I have often told Amanda that my high school was ghetto. We have driven past it several times as we have been to visit my parents, but I don't think she has ever really experienced it. Here are a couple of examples of things that were different between our high schools that I have discovered:

  1. Amanda's school had a gym and an auditorium that were not the same room (I believe several dances were held in our gym, although not being much of a dancer, I did not attend)
  2. Amanda's school had something called "Show Choir" of which Amanda was a member. Apparently it is part choir and High School Musical. Amanda told me once that there were competitions to see who could have the biggest hair. Big hair at my school was usually accompanied by a pick)
  3. White people were not a minority at Amanda's school. I think she said there were one or two black people in her school.
  4. I've never asked, but I think it's safe to assume the pool at Amanda's school did not include a shallow end. (this made for interesting water polo games at MA)
Now I did not grow up in a ghetto, but my high school did fall in the middle of several colorful cities. My high school was a cultural experience to say the least. I once had to deliver a pizza (I delivered pizzas for Rount Table in high school) to my school and found a whole wing of classrooms that I had never noticed before and I'm pretty sure it's because nobody there spoke English.

With this background, we now arrive at my senior year English class taught by Mr. Cane. Having previously failed my junior year AP literature test (which I attribute to my confusing Captain Ahab and Captain Nemo in one of my essays), I decided not to attempt another AP English class my senior year. I found Mr. Cane's class to be much more my speed. We were given such assignments as looking words up in the dictionary and reading 3 books throughout the course of the year. Some times we had "debates" in class led by the students. I got through the class by playing tetris on my calculator after finishing my calc homework, or hanging out with Nick (or Duke Nicolas as I see he is known now).

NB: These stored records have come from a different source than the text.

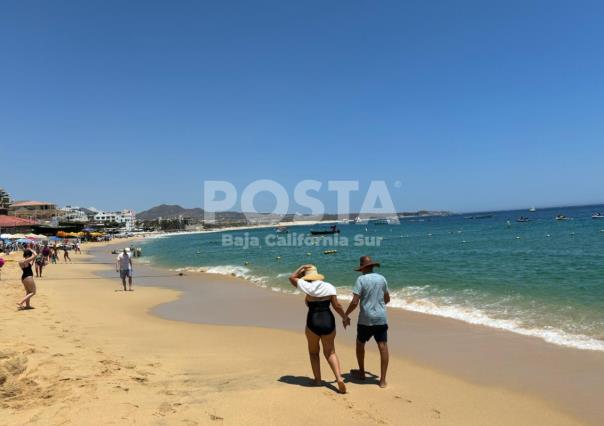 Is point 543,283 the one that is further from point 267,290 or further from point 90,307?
point 90,307

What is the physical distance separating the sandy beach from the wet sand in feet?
0.99

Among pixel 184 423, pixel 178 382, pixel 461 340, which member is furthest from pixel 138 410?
pixel 461 340

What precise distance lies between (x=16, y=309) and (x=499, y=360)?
10.6 metres

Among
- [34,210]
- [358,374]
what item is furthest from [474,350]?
[34,210]

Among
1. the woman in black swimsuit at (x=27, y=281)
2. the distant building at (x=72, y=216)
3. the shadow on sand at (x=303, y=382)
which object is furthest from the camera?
the distant building at (x=72, y=216)

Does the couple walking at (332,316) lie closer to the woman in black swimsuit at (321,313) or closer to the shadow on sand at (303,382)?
the woman in black swimsuit at (321,313)

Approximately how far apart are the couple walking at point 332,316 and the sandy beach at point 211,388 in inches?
13.3

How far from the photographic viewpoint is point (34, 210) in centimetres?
10250

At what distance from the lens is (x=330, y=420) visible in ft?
14.5

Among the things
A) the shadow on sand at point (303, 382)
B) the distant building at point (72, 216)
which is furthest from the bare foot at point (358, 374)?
the distant building at point (72, 216)

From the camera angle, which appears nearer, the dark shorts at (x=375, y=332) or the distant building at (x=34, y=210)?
the dark shorts at (x=375, y=332)

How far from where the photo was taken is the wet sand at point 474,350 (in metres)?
5.61

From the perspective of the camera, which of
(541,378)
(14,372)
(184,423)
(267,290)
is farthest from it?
(267,290)

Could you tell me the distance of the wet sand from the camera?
561cm
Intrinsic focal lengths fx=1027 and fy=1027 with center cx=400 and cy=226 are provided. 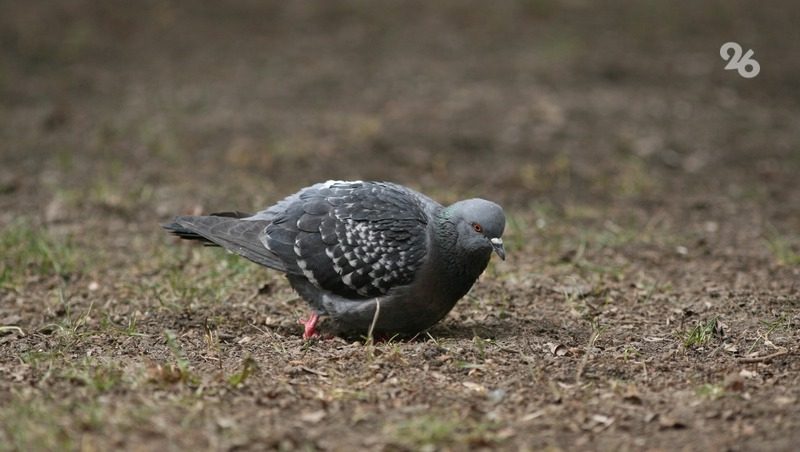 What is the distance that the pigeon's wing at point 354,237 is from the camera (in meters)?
5.45

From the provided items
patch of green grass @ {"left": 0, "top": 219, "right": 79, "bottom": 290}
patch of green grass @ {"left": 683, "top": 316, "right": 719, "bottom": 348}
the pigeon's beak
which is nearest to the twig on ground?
patch of green grass @ {"left": 683, "top": 316, "right": 719, "bottom": 348}

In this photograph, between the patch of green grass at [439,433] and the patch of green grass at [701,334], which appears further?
the patch of green grass at [701,334]

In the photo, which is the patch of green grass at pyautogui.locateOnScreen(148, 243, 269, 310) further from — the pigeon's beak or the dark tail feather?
the pigeon's beak

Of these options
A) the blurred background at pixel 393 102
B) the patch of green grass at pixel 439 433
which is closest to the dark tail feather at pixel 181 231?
the patch of green grass at pixel 439 433

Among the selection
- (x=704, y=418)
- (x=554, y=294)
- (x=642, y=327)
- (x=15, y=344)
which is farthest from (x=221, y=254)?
(x=704, y=418)

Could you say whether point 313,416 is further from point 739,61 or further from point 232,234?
point 739,61

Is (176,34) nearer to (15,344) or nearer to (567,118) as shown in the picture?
(567,118)

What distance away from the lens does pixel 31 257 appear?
6906 millimetres

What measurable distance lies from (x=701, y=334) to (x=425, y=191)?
3.80 meters

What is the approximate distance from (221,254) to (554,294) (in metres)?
2.31

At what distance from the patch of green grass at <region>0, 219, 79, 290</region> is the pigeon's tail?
4.45ft

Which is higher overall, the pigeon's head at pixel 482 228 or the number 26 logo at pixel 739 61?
the number 26 logo at pixel 739 61

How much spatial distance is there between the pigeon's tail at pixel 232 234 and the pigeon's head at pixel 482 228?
1.04 m

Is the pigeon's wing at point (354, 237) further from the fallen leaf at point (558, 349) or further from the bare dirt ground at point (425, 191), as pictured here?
the fallen leaf at point (558, 349) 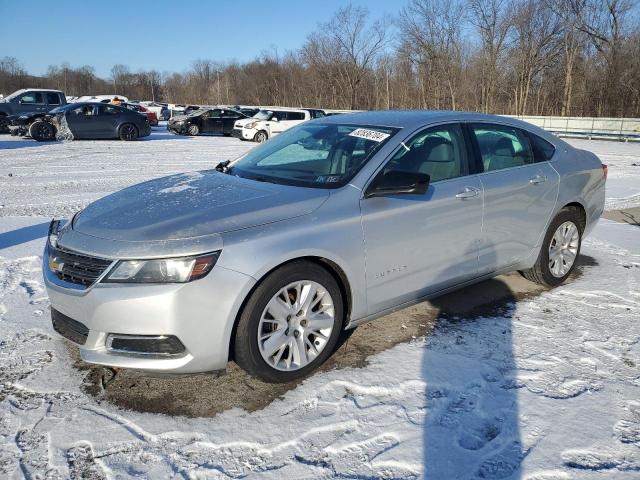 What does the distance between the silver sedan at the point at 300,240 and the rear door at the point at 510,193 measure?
0.05ft

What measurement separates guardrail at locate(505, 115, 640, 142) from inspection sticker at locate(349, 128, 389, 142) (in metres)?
27.4

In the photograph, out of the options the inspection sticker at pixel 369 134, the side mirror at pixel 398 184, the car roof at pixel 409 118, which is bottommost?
the side mirror at pixel 398 184

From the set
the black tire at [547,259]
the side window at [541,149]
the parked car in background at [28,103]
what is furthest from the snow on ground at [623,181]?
the parked car in background at [28,103]

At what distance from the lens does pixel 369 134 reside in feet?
12.5

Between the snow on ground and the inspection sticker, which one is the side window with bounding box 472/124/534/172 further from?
the snow on ground

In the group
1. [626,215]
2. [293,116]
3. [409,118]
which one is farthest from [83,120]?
[409,118]

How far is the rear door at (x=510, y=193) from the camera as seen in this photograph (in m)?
4.12

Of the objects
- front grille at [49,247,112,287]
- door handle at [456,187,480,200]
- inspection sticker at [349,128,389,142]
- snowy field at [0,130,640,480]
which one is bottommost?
snowy field at [0,130,640,480]

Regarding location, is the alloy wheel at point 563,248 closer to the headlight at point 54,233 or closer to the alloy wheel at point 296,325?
the alloy wheel at point 296,325

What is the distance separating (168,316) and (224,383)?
74cm

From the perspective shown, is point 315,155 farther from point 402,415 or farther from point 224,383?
point 402,415

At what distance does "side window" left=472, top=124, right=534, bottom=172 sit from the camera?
13.8 ft

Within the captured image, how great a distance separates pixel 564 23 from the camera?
43.2 metres

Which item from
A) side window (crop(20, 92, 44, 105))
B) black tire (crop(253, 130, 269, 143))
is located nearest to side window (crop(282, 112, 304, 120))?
black tire (crop(253, 130, 269, 143)) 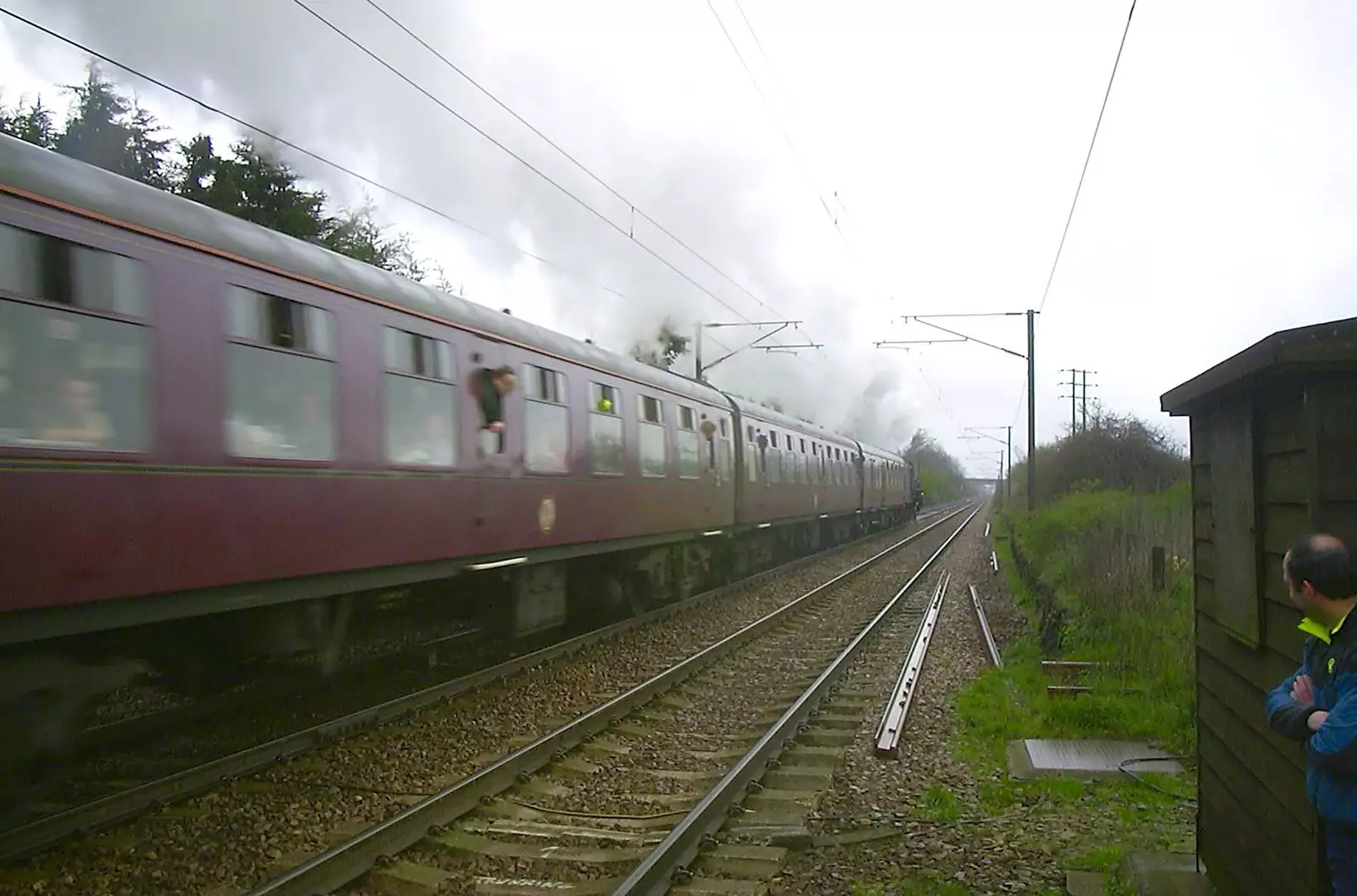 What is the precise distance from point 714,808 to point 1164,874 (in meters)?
2.20

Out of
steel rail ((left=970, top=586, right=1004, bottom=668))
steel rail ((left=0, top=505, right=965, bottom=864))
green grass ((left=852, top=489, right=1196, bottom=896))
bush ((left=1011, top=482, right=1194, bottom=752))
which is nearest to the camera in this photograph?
steel rail ((left=0, top=505, right=965, bottom=864))

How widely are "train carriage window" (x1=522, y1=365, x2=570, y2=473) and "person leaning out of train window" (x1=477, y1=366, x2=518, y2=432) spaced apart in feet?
1.56

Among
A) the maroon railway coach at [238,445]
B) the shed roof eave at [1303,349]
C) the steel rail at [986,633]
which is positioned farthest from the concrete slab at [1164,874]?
the steel rail at [986,633]

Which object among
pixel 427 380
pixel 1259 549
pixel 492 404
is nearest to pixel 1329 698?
pixel 1259 549

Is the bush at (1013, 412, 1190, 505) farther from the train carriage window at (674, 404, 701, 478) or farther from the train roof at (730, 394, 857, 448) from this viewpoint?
the train carriage window at (674, 404, 701, 478)

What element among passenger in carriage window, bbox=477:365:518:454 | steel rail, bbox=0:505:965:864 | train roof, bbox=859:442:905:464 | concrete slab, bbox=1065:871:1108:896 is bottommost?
concrete slab, bbox=1065:871:1108:896

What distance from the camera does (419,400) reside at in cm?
802

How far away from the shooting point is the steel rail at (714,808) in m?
4.85

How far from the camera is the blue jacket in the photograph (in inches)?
113

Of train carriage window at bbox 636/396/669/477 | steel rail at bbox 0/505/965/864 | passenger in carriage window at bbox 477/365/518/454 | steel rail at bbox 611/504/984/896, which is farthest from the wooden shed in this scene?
train carriage window at bbox 636/396/669/477

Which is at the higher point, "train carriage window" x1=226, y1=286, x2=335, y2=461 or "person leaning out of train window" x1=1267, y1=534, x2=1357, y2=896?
"train carriage window" x1=226, y1=286, x2=335, y2=461

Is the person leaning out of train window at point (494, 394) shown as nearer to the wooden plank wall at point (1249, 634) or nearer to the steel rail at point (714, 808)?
the steel rail at point (714, 808)

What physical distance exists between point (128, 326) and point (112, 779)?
246cm

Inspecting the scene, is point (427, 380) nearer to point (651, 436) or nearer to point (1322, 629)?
point (651, 436) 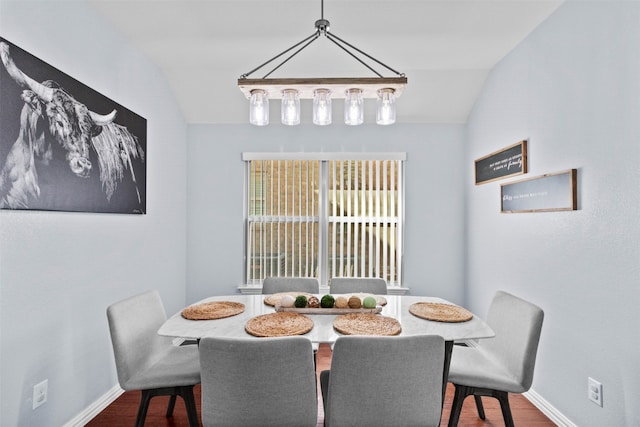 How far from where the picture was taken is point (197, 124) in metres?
3.45

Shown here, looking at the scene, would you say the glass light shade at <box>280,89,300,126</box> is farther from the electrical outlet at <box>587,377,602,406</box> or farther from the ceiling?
the electrical outlet at <box>587,377,602,406</box>

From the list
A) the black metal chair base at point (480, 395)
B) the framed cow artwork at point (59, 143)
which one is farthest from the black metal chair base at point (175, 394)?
the black metal chair base at point (480, 395)

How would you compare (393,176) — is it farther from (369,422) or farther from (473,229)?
(369,422)

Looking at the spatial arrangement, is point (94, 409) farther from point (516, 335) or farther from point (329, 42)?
point (329, 42)

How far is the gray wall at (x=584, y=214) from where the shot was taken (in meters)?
1.60

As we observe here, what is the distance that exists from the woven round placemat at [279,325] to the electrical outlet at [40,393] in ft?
3.53

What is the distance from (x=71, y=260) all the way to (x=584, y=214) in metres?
2.81

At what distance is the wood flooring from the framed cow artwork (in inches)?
49.9

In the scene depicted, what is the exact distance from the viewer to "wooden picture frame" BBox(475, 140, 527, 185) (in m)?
2.39

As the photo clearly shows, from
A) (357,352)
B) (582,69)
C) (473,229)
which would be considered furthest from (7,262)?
(473,229)

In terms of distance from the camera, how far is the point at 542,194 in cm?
216

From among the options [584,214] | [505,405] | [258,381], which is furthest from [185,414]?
[584,214]

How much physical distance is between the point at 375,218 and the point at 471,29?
1774 mm

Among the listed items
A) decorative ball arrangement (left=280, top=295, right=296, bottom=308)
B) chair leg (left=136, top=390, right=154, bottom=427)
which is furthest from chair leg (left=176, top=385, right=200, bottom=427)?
decorative ball arrangement (left=280, top=295, right=296, bottom=308) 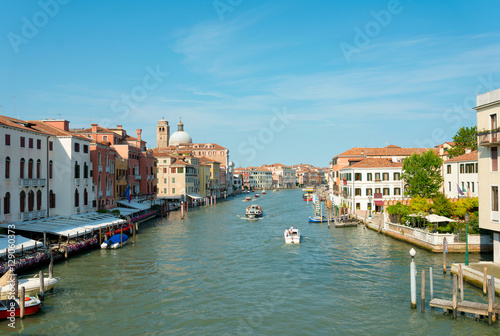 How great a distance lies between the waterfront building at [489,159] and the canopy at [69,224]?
24.0m

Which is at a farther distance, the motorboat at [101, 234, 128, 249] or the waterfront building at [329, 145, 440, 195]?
the waterfront building at [329, 145, 440, 195]

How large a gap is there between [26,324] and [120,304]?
355 centimetres

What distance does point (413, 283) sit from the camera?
608 inches

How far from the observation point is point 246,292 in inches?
731

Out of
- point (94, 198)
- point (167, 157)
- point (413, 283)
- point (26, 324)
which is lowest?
point (26, 324)

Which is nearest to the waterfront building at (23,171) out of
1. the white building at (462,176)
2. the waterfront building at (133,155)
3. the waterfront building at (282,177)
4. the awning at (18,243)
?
the awning at (18,243)

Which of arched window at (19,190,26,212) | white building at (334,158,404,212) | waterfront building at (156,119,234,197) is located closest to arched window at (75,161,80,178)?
arched window at (19,190,26,212)

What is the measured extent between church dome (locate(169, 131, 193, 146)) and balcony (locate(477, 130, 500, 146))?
355 ft

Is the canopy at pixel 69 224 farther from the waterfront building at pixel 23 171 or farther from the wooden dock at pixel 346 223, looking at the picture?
the wooden dock at pixel 346 223

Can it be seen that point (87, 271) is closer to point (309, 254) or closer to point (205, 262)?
point (205, 262)

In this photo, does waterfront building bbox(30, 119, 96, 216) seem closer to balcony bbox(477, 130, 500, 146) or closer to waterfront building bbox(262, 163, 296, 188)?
balcony bbox(477, 130, 500, 146)

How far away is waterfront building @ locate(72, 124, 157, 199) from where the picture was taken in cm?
5041

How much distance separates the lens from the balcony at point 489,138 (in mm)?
17812

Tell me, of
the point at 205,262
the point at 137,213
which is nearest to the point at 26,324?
the point at 205,262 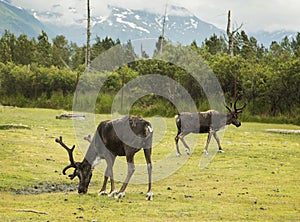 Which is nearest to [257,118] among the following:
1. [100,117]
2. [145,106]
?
[145,106]

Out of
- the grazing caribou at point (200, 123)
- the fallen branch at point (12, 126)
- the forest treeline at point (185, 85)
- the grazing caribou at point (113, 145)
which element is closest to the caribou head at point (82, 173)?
the grazing caribou at point (113, 145)

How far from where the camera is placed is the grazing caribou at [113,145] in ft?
38.4

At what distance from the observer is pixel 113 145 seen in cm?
1198

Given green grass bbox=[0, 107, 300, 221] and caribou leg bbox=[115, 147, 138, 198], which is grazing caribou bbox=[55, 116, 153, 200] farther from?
green grass bbox=[0, 107, 300, 221]

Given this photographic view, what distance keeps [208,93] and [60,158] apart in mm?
19890

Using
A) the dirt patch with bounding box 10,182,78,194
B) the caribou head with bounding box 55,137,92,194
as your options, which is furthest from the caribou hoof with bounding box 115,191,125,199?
the dirt patch with bounding box 10,182,78,194

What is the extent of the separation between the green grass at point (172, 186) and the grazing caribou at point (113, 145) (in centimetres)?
52

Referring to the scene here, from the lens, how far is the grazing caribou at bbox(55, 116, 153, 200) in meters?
11.7

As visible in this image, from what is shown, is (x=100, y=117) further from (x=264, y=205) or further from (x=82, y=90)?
(x=264, y=205)

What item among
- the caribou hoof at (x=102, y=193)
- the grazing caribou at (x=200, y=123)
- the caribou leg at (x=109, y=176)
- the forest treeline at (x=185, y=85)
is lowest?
the caribou hoof at (x=102, y=193)

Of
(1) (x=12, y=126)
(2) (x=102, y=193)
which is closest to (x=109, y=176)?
(2) (x=102, y=193)

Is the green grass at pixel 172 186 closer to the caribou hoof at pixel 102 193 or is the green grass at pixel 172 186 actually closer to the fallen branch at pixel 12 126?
the caribou hoof at pixel 102 193

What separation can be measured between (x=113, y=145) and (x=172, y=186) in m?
2.19

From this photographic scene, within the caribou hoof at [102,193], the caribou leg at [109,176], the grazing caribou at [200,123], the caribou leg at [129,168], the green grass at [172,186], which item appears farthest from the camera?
the grazing caribou at [200,123] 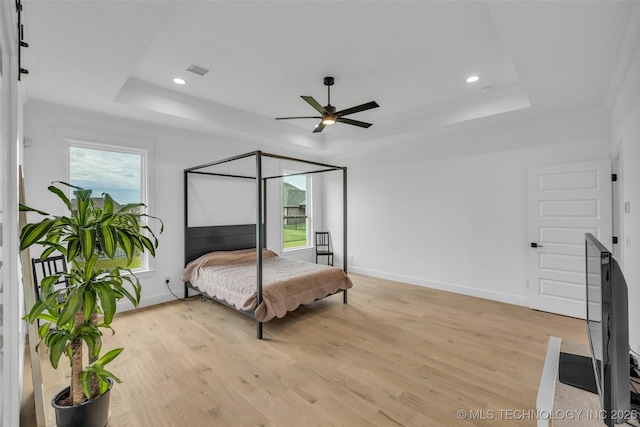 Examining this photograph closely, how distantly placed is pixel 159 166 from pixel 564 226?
18.4 feet

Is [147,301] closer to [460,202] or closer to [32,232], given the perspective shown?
[32,232]

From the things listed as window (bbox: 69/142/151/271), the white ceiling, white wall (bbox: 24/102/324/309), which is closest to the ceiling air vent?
the white ceiling

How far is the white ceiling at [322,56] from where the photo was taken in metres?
1.98

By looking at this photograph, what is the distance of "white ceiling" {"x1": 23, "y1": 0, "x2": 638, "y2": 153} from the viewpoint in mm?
1982

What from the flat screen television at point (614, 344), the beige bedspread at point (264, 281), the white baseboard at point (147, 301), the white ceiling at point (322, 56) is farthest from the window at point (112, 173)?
the flat screen television at point (614, 344)

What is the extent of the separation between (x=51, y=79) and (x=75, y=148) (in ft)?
3.48

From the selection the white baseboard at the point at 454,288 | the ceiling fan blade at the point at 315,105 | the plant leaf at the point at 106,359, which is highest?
the ceiling fan blade at the point at 315,105

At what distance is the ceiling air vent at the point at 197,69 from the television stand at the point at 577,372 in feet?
12.6

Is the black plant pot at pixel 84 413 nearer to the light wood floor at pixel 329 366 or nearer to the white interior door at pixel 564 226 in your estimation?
the light wood floor at pixel 329 366

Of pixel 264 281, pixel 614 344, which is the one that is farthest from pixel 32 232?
pixel 614 344

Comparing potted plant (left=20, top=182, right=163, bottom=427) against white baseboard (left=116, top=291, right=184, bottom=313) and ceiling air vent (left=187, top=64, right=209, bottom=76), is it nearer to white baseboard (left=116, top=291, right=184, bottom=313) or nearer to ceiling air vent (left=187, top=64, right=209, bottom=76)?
ceiling air vent (left=187, top=64, right=209, bottom=76)

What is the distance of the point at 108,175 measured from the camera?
383 cm

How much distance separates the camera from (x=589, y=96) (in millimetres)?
3160

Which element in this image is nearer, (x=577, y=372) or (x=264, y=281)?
(x=577, y=372) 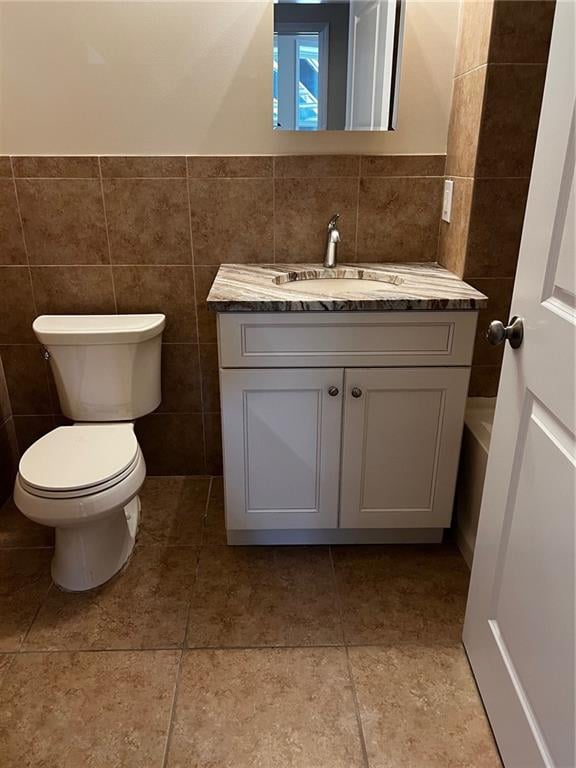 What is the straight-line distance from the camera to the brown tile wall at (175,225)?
196 cm

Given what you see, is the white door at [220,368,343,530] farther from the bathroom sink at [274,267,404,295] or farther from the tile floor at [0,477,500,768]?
the bathroom sink at [274,267,404,295]

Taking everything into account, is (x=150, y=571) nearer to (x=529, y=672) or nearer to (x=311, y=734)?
(x=311, y=734)

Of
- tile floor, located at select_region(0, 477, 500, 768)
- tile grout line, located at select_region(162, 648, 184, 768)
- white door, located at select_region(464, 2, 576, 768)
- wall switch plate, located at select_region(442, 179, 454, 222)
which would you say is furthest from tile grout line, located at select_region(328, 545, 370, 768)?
wall switch plate, located at select_region(442, 179, 454, 222)

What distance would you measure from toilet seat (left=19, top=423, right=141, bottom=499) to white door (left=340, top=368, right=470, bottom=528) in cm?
69

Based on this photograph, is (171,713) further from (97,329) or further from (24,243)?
(24,243)

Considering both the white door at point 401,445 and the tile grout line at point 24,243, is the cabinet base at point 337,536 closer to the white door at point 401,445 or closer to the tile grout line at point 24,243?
the white door at point 401,445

On some of the more exciting days in class, a couple of our classmates decided to have one of their usual shouting matches in class. Mr. Cane was a litte on the pasive agreessive side, so he let them yell at eachother for 5-10 minutes before asking one of them to leave (usually the girl). About half way through the year when the class started to thin out due to dropouts and/or birthing children, the same two people had a slightly more heated argument than usual. I have no idea why they started yelling. It may have had something to do with the guy calling the girl a beast or possibly something worse, but it ended with her leaving the room. However, on her way out the door, she was inspired to pull the fire extinguisher off the wall and hurl it in the direction of her assailant. He was fast enough to dodge it, but it did bounce off his desk and glanced off another student. I'm pretty sure she never came back to class after that.

5 comments:

Bridget said...

Oh that's hilarious.

I want to see some pictures from Show Choir.

heidi nielsen said...

Awesome. Guaranteed my high school was more ghetto than yours.

Anonymous said...

You had a pool? We had on campus police - like real police with guns, not just the rent-a-cops. We had like 90% of the senior class girls either were pregnant, mostly with baby #2, or already had a child. We lost our music room to an on campus daycare. I believe I was 1 of 5 white seniors although I only remember 2 others. I didn't go to my graduation because I had had some death threats. The principal had also encouraged me not to attend. Go Garey!

Tyler Ball said...

OK Amy, I think you win, unless Heidi can top that.

The Clark's said...

Tyler you came out pretty normal, but I"m sure you most have some street cred. You'll have to teach me the ropes because I'm pretty white.